Hi there, I’m currently doing an install in MilanoChris’ DC5. The install will be built using a mixture of fibre glass and MDF and all the equipment will be completely hidden safely under a false floor.
Anyway, I thought I’d post up the build process to give you an idea of the effort and skill that goes into building a quality ICE install.
Here goes…
When I first took a look at Chris’ install, I instantly knew that it would sound poor without hearing it. The box that was being used was completely inadequate. It was cheap, prefabricated and most importantly the ports/vents used in the box had not been measured correctly and because of this it was causing the sub to peak at very high frequencies, not actually allowing any real sub bass to play.
http://i64.photobucket.com/albums/h161/big_hav/christeg002.jpg
If you are going to use ports/vents in a sub-box, you need box design software that will provide accurate port dimension measurements that will enable you to tune the sub to play at a suitable frequency with more output.1
I also believe that the amplifiers were a major let down of the system. No offence to Chris or anyone else that uses this equipment, but Sony and SPLX is about as bad as it gets in terms of car audio. Although the SPLX has a claimed power wattage of something daft (500w,600w etc), these are max power output figures and in reality it probably produces no more than 100-120 watts RMS, which is simply not enough for the subwoofer.
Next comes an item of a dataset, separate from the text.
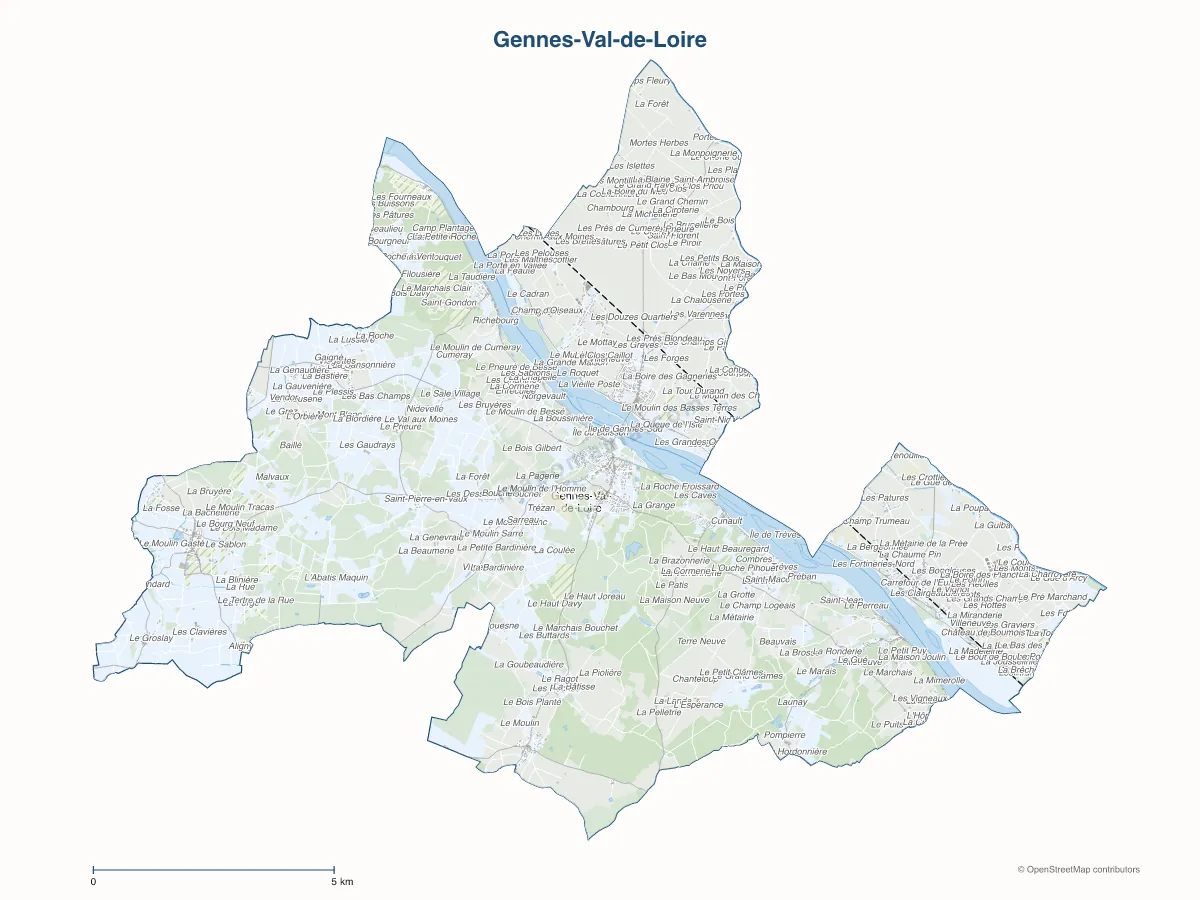 Carte de Gennes-Val-de-Loire à personnaliser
What I will say though is that Chris has some very tasty focal speakers in his doors and rear Q’s which would have cost a small fortune when they were bought new. The Kicker sub is also a decent speaker and should be a good match (power wise) for the new amplifier that will be installed. It might not be the best sub in the world in terms of sound quality, but from my experience, give a Kicker sub a decent amount of power and it will boom.
Although they’re not dangerous, the wires in the back are a little messy and tangled so will be trimmed down and secured when the new enclosure goes in.
http://i64.photobucket.com/albums/h161/big_hav/christeg005.jpg
Before I started, I zip tied all the matching cables together and moved them out of the way so I could get to work.
Then it was time to drop the new amp and sub in so I could see how much space I have to play with. Unfortunately, the answer to that question was “not much”, it will be a tight fit but it will fit…just.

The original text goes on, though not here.